For to us a child is born, to us a son is given, and the government will be on his shoulders. And he will be called Wonderful Counselor, Mighty God, Everlasting Father, Prince of Peace. Isaiah 9:6
Our church held Christmas Eve services yesterday. They’ve held similar services every year, I guess, but since we’re usually at home with family, this was the first time we’d taken part. The particular service we attended was designed as a family service so lots of children were in attendance. We’d been told it might be noisy … and it was.
Christmas decorations were beautifully displayed in the large foyer outside the worship center. A Christmas tree … pictures of angels painted on large canvases … a child-size Manger / Nativity scene … the kind of seasonal displays where families gather to snap a Christmas photo.

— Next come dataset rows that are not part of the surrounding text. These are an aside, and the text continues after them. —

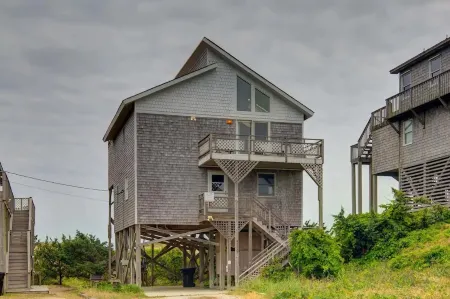 Direct Oceanfront 4 Bedroom Home - Private Beach Unobstructed Views Отели рядом с достопримечательностью «Маяк мыса Хаттерас»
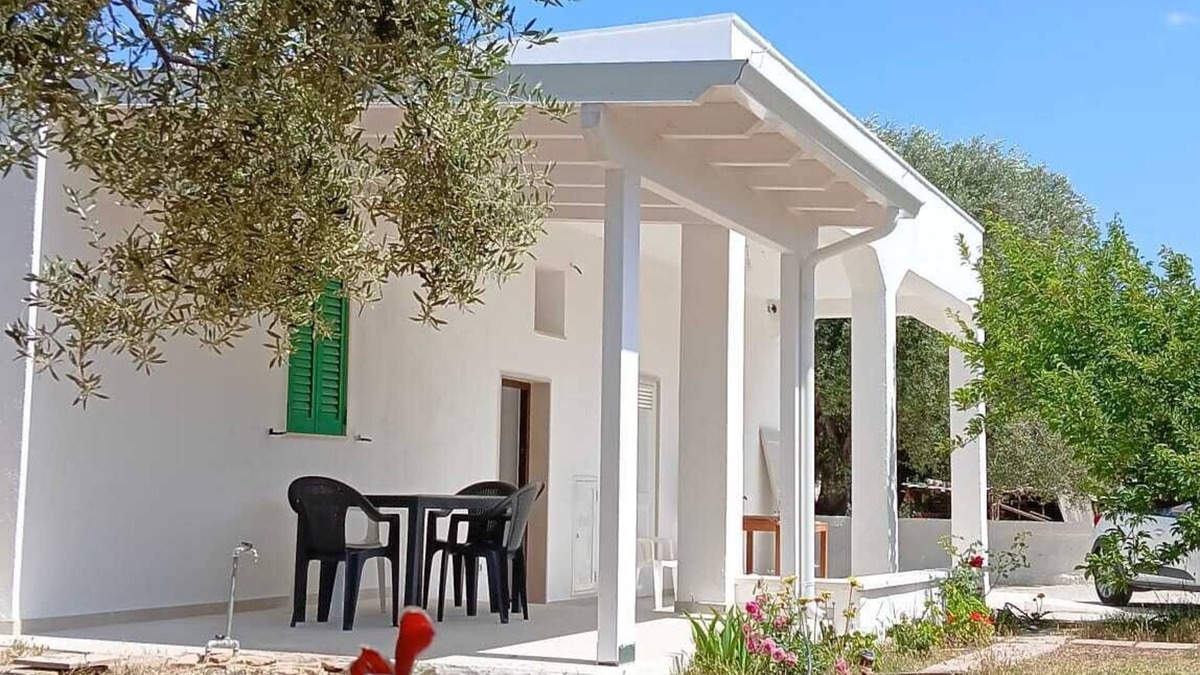 Torre Canne Cottage | Charming 2-bedroom cottage in enchanting Puglia with AC, WiFi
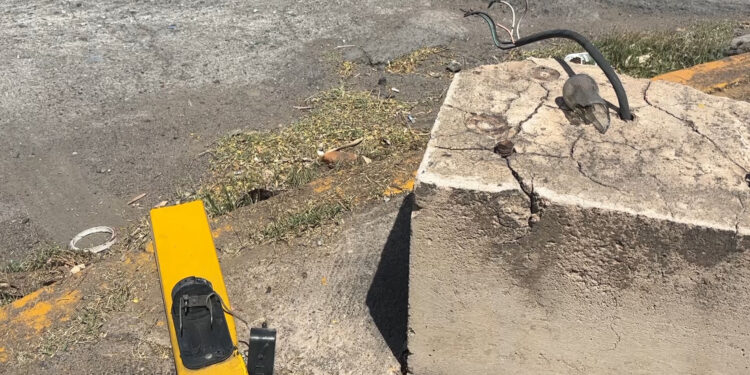 Accidente vehicular en la estación de bomberos norte de la ciudad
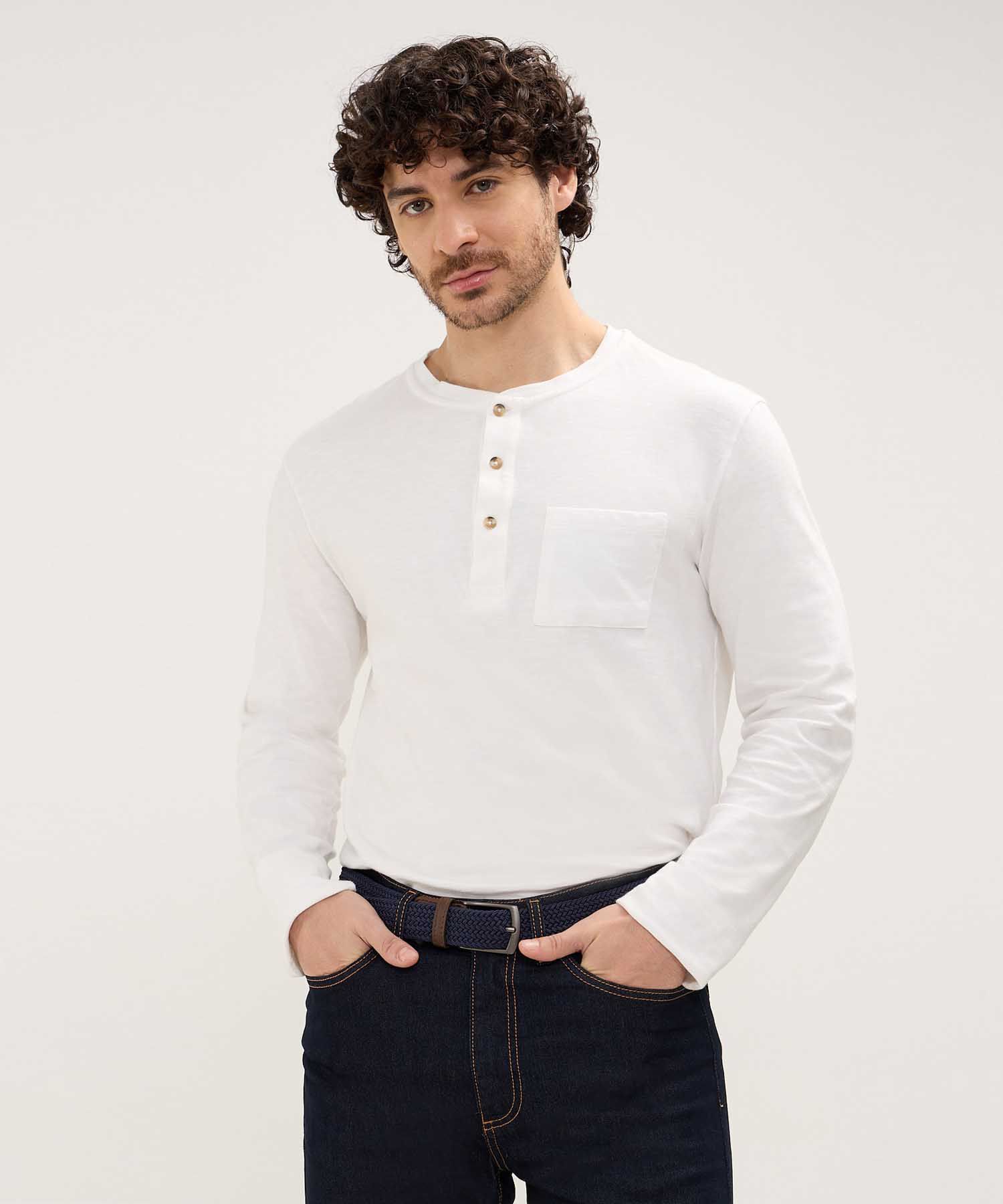 como usar Henley masculina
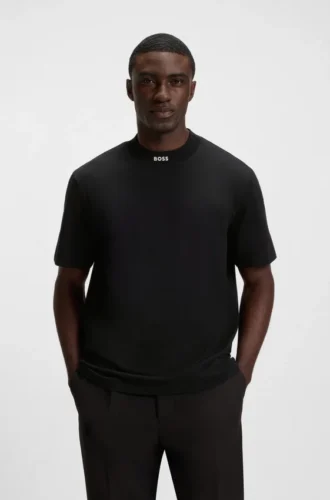 T-shirt med logotyp på kragen i stretchbomull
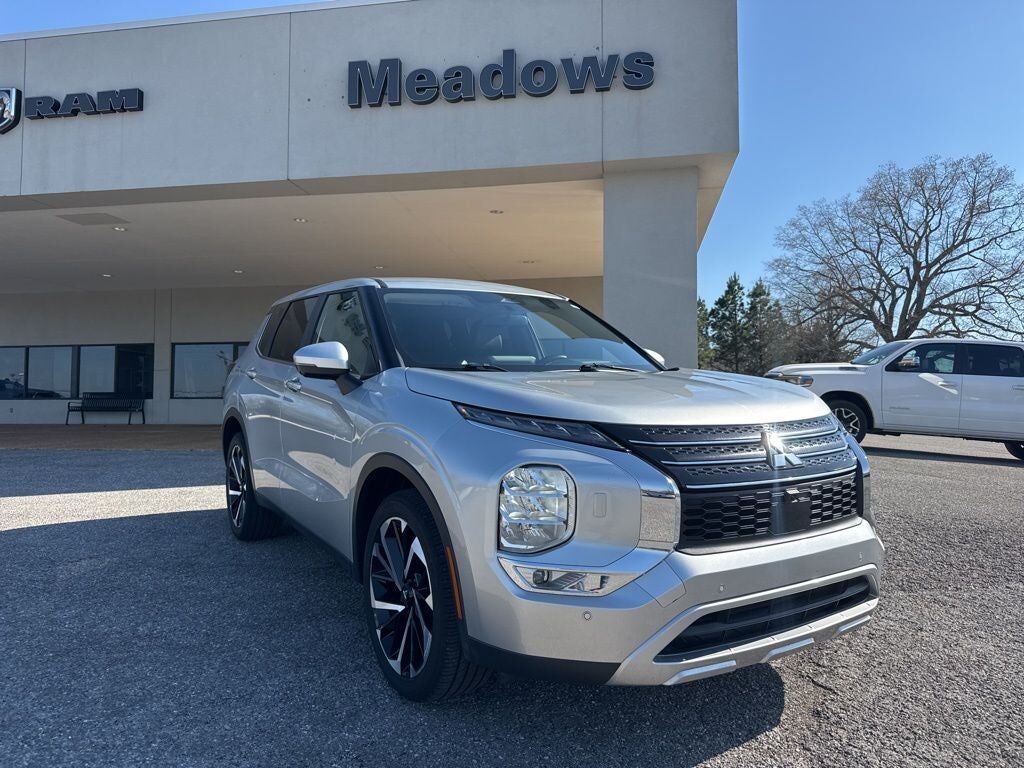 2024 MITSUBISHI Outlander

I happened to stand in front of the Manger scene and my attention was drawn in. The figures and presentation were similar to numerous displays I’ve observed through the years … but something was off. When my daughter-in-law walked up next to me, she noticed it as well. “Joseph’s foot is larger than the Baby Jesus and the manger together!” she said.
She was right. The standing figures were proportionally out of sync with the Child lying in the manger, as if two different Nativity scenes had been (carelessly) combined. I should have taken a quick picture of the scene but I found it too grotesque.
Like Mary (Luke 2:19), I’m given to pondering the inescapable irony. With all the various ways in which we celebrate Christmas, has the occasion’s central meaning (focused on the singular Person of Jesus Christ) been shoved into the background? As the shopping and gift-giving and parties and feasting keep us hyper-busy, does the Babe in a Manger recede to forgetfulness?
Don’t get me wrong. I absolutely love Christmas! It’s a joyous time and should be celebrated with gusto and jubilance! Christ is come! Let us worship and adore Him!
Still, I’m the first to admit I can go overboard and the temptation (too often) is to get things out of balance. The unfortunate image of a shrinking Baby Jesus will stick in my brain and (I’m hopeful) nudge me to remember always the real basis for our hope, joy, peace and love — our Saviour’s birth.
May God bless you on this special day. Merry Christmas!
2 thoughts on “Come, Let Us Worship the King”
If we trust in and obey- it is a daily walk, He comes back to center no matter the surroundings and environment. Let us hold our peace and protect our peace. Today we celebrate the birth of a King who died and rose for you and me! Happy Birthday to you to my friend and Merry Christmas to the Oelschlaeger Team!
Amen, and amen, my friend. We must keep our eyes on Him. Thanks for reading and being such an encouragement!